England and Wales
Businesses, organisations and individuals who want to sell or supply alcohol must have a licence or other authorisation from a licensing authority - usually a local council.
You will either need a premise or a personal licence. In some cases you may need a club premises certificate, if you are a qualifying members’ clubs.
While you are not required to have a personal licence to be employed in a pub or other business that sells alcohol, premises licensed to sell alcohol must have a designated premises supervisor, who holds a personal licence. Personal licences allow you to sell alcohol on behalf of any business that has a premises licence or club premises certificate.

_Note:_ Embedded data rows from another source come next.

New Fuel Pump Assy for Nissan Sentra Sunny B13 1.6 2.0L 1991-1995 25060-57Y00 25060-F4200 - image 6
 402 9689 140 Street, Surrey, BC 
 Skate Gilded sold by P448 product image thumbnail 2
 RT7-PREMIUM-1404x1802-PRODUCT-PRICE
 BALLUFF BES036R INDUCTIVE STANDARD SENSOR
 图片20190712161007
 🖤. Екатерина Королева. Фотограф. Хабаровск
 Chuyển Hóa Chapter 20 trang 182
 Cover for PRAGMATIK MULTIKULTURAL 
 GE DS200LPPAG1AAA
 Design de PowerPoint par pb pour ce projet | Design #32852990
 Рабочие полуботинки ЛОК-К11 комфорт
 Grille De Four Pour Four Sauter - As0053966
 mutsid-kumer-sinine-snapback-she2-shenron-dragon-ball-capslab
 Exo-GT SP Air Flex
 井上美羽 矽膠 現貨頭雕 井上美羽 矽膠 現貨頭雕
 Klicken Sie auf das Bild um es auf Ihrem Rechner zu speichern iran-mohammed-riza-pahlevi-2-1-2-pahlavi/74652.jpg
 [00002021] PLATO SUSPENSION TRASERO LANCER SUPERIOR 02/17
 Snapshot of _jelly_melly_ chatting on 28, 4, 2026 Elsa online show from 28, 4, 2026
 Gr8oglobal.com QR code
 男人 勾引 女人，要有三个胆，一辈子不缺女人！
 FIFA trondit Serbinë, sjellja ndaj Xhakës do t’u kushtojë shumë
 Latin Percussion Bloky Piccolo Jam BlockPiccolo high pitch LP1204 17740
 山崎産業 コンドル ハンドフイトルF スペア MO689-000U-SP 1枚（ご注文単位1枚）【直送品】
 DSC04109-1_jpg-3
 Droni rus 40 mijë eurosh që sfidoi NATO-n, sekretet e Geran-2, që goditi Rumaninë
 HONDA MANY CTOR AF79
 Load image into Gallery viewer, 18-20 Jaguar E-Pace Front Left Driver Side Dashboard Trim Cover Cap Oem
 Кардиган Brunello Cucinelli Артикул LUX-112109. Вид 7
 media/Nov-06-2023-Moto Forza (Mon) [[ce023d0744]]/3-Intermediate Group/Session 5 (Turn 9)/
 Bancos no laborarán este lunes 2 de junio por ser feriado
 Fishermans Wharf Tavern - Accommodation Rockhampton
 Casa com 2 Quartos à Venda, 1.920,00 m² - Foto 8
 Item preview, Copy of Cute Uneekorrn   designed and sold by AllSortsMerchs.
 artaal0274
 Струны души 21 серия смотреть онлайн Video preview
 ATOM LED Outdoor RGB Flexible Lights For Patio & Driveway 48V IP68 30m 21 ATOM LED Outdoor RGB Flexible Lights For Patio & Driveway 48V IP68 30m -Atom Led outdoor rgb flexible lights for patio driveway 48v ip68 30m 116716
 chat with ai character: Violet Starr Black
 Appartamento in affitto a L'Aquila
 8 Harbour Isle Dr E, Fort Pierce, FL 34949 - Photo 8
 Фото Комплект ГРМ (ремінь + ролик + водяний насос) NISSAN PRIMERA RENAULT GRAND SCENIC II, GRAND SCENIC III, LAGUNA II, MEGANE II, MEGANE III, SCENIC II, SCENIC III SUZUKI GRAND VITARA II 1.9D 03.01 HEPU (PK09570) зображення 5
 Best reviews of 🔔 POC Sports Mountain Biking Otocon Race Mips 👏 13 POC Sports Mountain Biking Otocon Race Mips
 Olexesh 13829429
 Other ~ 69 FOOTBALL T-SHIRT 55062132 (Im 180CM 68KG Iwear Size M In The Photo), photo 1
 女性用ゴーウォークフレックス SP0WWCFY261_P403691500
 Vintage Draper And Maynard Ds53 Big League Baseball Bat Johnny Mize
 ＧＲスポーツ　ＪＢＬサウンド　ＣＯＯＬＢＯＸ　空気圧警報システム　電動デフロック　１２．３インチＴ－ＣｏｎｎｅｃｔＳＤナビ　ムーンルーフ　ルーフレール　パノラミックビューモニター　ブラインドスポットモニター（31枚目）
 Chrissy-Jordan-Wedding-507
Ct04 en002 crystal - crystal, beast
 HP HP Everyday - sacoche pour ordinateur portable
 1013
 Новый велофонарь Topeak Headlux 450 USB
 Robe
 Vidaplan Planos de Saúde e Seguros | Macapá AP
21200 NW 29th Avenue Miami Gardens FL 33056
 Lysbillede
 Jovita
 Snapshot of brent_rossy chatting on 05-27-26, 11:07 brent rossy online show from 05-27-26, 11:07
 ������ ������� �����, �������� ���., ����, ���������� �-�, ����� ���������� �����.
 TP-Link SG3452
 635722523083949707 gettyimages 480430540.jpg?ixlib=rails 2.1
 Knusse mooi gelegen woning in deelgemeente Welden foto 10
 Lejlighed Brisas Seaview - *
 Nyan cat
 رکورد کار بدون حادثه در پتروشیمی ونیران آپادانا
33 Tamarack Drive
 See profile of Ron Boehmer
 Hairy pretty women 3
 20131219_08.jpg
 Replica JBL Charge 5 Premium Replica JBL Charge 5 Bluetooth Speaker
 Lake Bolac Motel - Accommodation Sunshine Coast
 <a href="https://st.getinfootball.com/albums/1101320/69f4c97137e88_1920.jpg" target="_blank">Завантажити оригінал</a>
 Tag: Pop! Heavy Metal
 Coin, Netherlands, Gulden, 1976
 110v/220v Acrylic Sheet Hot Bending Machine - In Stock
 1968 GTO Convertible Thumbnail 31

In Scotland, you will first have to contact your council to apply for a premises licence if you want to carry out ‘licensable activities’ from a particular venue. This includes selling and serving alcohol and providing entertainment.
When you want to sell alcohol on a licensed premises, the sale must be authorised generally or specifically by a Personal Licence Holder. This means that the designated premises manager must possess a personal licence. In many premises, other members of staff also attain personal licences so that they can also authorise sales, conduct staff training, and as a matter of general best practice.
As this is a considerable responsibility, Personal Licence Holders have to:
undergo refresher training every 5 years to refresh their knowledge of the licensing regime, and send their training certificate to the relevant Licensing Board; and
apply to renew their personal licence every ten years, and lodge the renewal application no later than 3 months before expiry date of the licence.